Repeat these records exactly, pictures excluded.

[Captioned web image data]
_ _ _ _ _

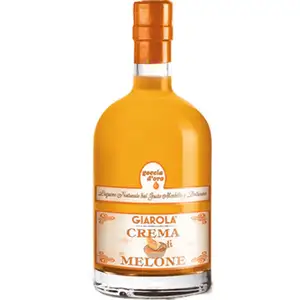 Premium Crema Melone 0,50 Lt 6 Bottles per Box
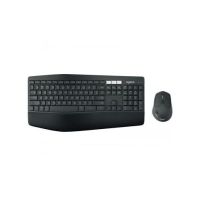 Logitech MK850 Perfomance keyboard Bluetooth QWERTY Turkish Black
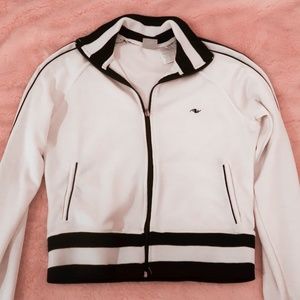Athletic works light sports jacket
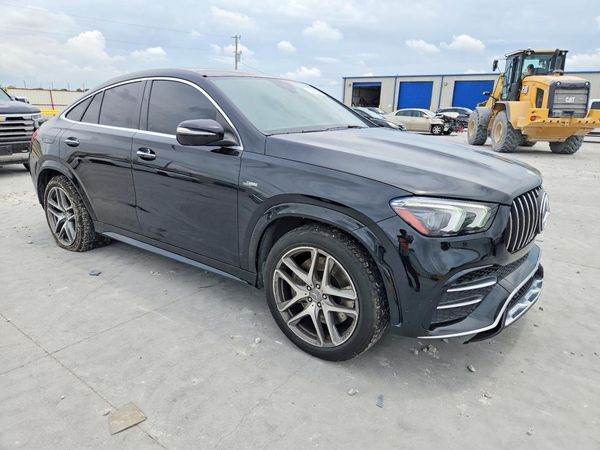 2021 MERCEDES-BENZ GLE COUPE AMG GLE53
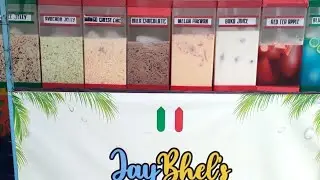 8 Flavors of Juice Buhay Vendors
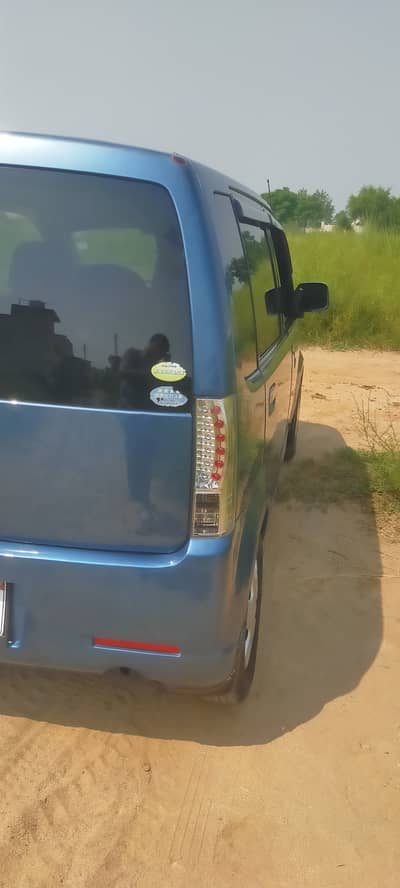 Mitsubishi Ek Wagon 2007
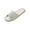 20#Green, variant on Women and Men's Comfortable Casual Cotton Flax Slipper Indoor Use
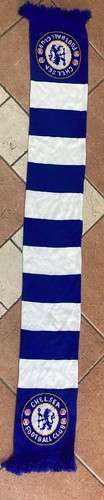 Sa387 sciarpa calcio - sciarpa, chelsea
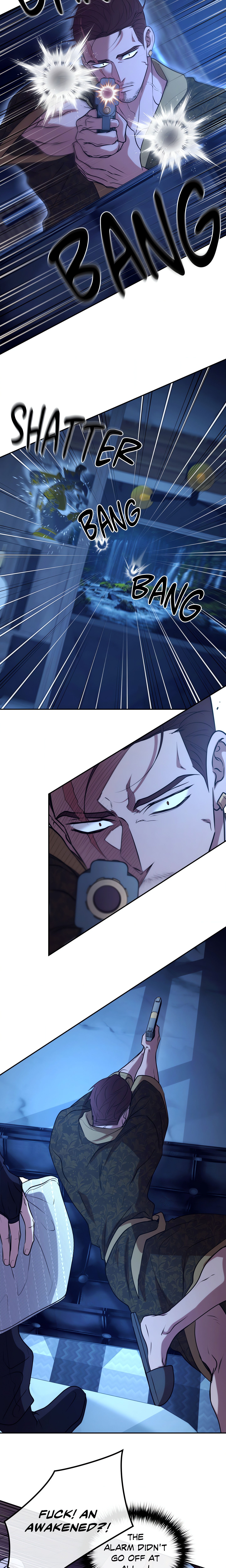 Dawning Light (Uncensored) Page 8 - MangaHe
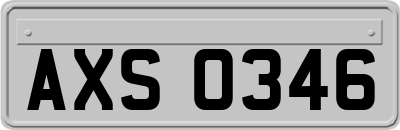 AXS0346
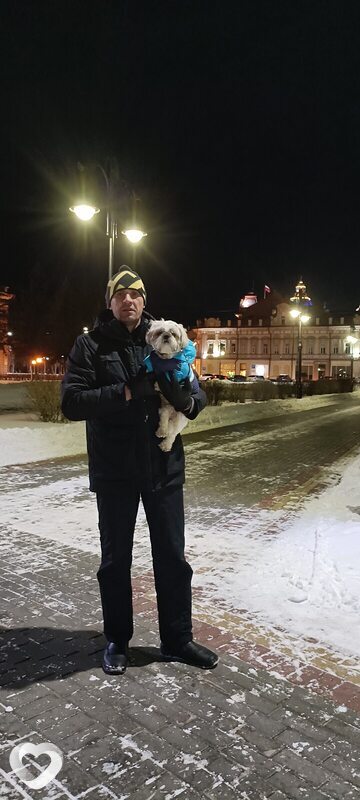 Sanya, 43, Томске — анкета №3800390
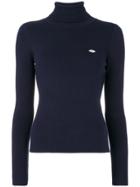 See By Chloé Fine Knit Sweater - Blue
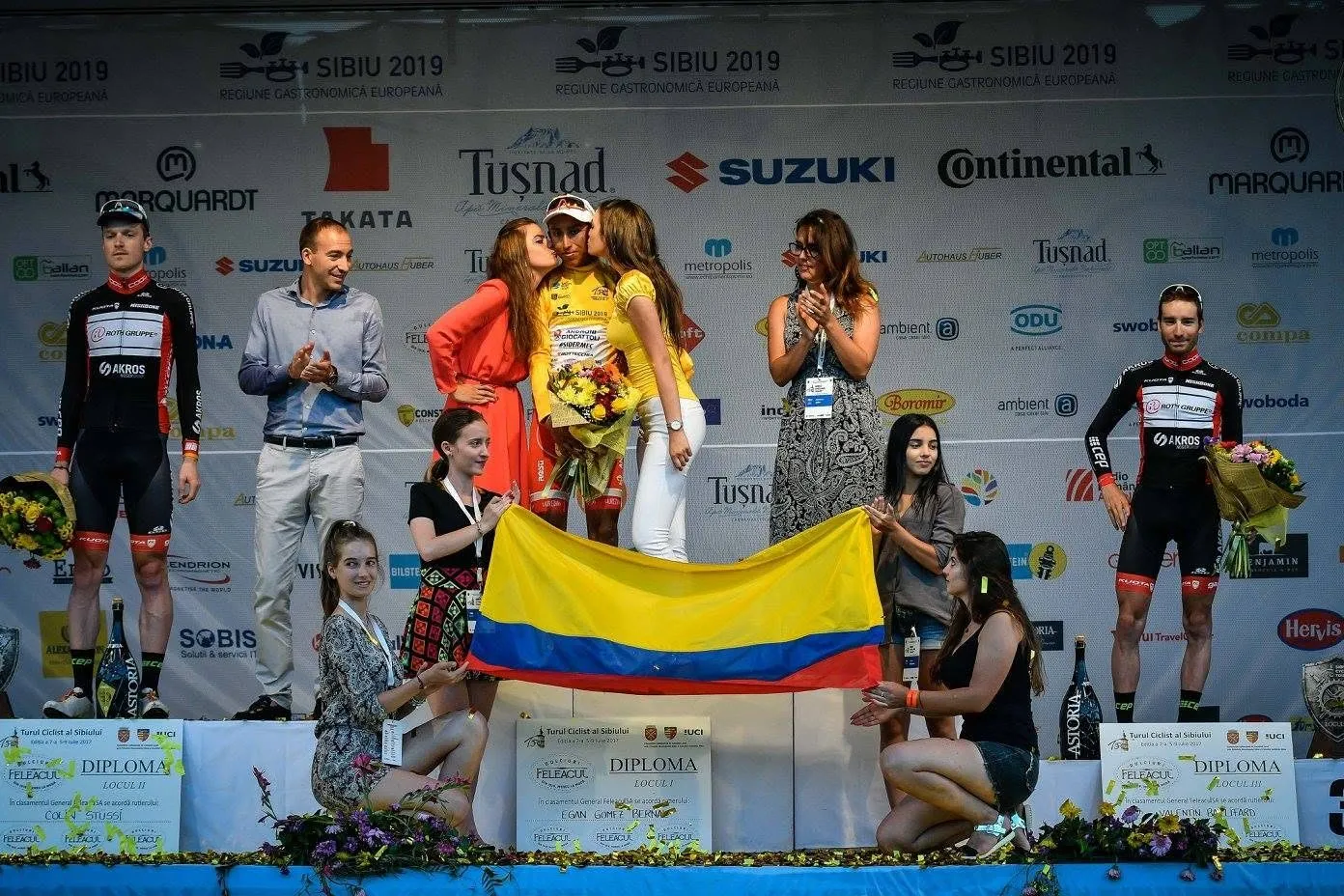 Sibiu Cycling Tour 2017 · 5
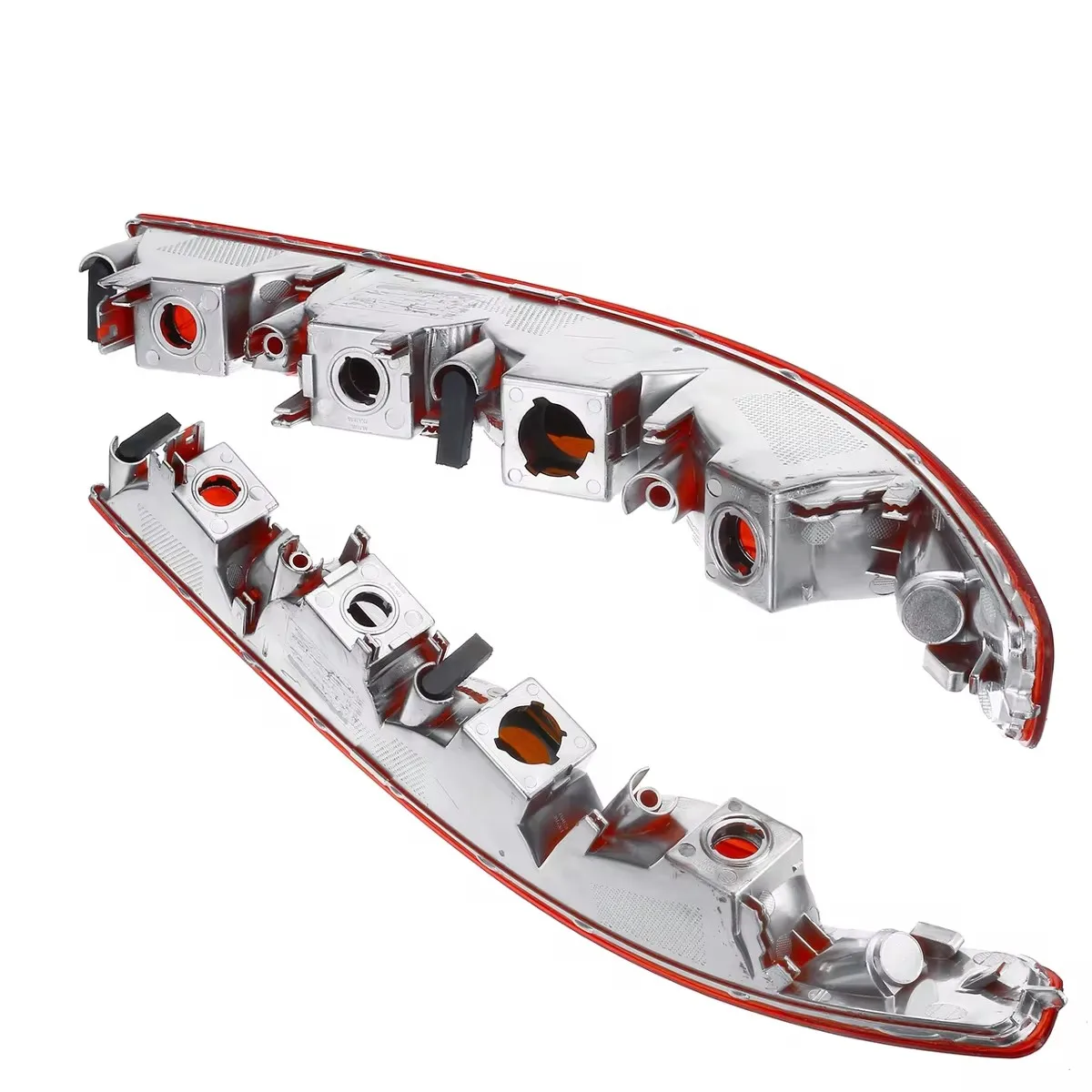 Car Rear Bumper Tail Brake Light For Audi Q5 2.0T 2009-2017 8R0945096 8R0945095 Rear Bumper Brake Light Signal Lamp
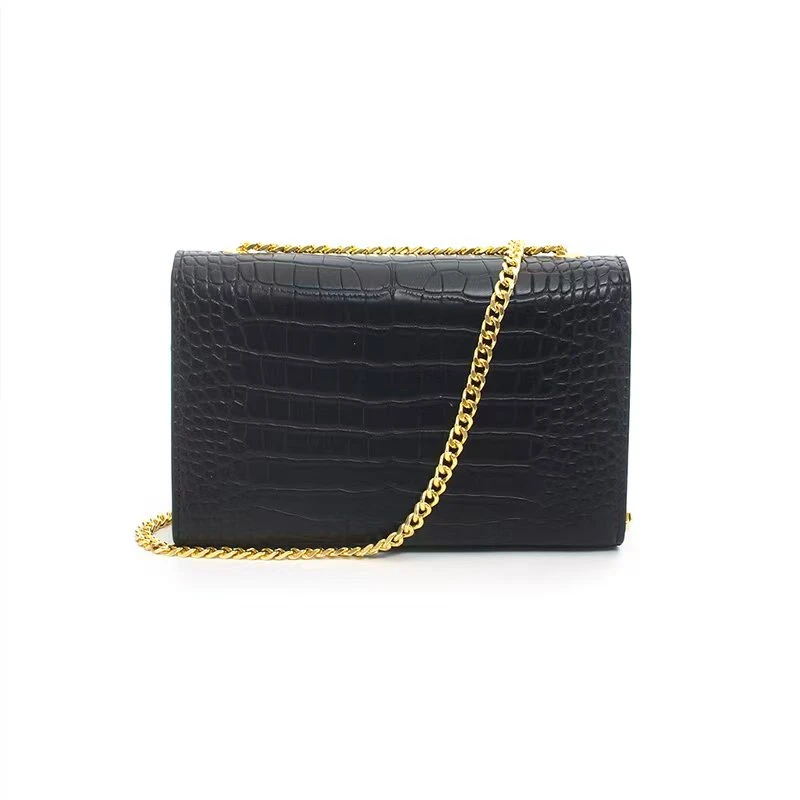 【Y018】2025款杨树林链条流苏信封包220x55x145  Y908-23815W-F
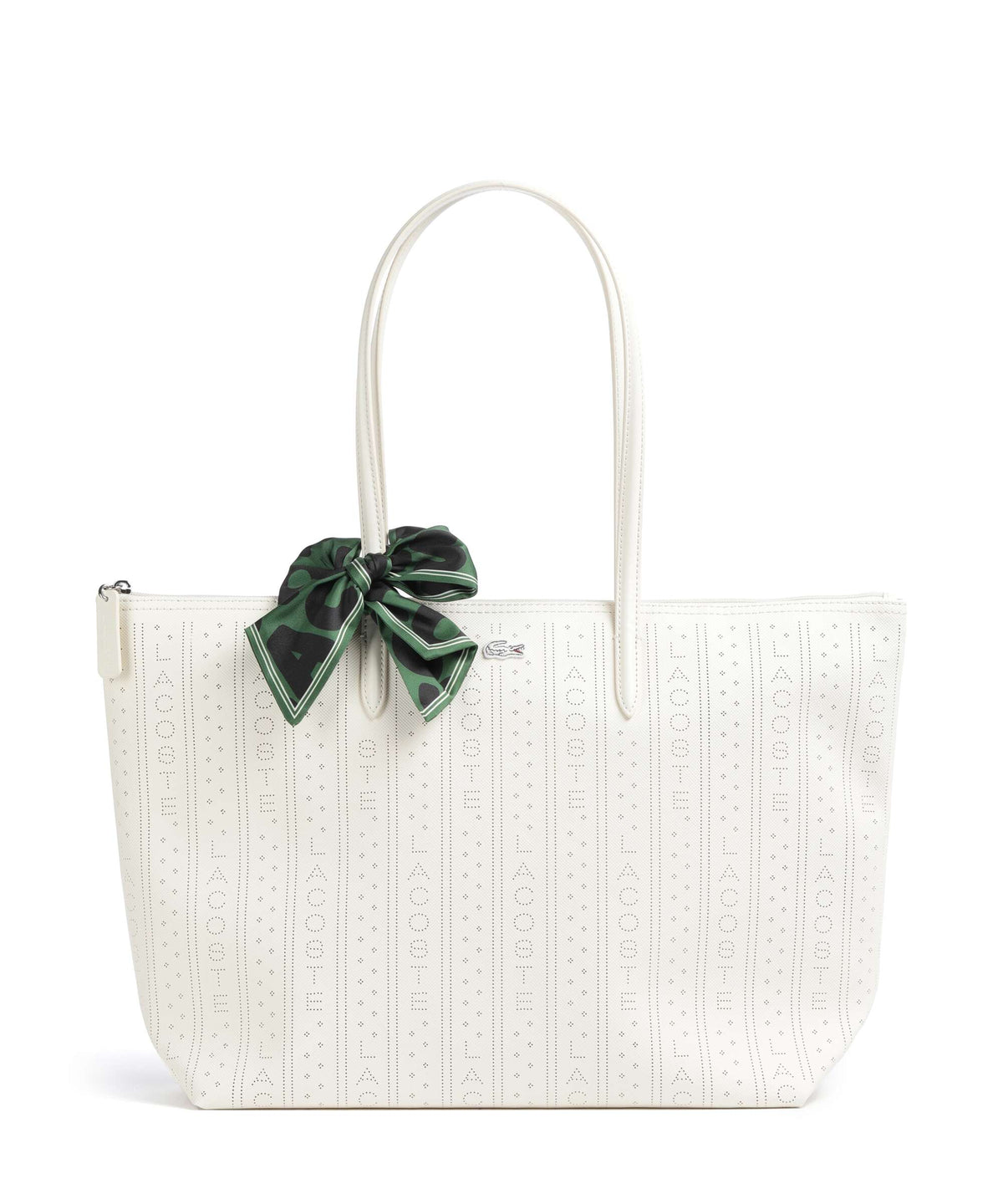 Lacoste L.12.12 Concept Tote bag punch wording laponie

_ _ _ _ _

• **The answer**
 Premium Crema Melone 0,50 Lt 6 Bottles per Box
 Logitech MK850 Perfomance keyboard Bluetooth QWERTY Turkish Black
Athletic works light sports jacket
 2021 MERCEDES-BENZ GLE COUPE AMG GLE53
 8 Flavors of Juice Buhay Vendors
 Mitsubishi Ek Wagon 2007
 20#Green, variant on Women and Men's Comfortable Casual Cotton Flax Slipper Indoor Use
 Sa387 sciarpa calcio - sciarpa, chelsea
 Dawning Light (Uncensored) Page 8 - MangaHe
 AXS0346
 Sanya, 43, Томске — анкета №3800390
 See By Chloé Fine Knit Sweater - Blue
 Sibiu Cycling Tour 2017 · 5
 Car Rear Bumper Tail Brake Light For Audi Q5 2.0T 2009-2017 8R0945096 8R0945095 Rear Bumper Brake Light Signal Lamp
 【Y018】2025款杨树林链条流苏信封包220x55x145  Y908-23815W-F
 Lacoste L.12.12 Concept Tote bag punch wording laponie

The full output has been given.